▸ **RECORD EXCERPTS**:
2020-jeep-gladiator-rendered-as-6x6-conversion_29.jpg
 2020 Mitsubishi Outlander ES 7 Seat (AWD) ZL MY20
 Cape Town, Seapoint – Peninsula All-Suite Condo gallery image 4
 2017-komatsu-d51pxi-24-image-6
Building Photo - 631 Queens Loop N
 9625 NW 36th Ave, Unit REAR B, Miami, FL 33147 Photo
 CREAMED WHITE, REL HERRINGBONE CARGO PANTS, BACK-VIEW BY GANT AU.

▸ **TASK GOAL**:
For each entry above, please make an exact copy.

▸ **SOLUTION TO THE PROBLEM**:
2020-jeep-gladiator-rendered-as-6x6-conversion_29.jpg
 2020 Mitsubishi Outlander ES 7 Seat (AWD) ZL MY20
 Cape Town, Seapoint – Peninsula All-Suite Condo gallery image 4
 2017-komatsu-d51pxi-24-image-6
Building Photo - 631 Queens Loop N
 9625 NW 36th Ave, Unit REAR B, Miami, FL 33147 Photo
 CREAMED WHITE, REL HERRINGBONE CARGO PANTS, BACK-VIEW BY GANT AU.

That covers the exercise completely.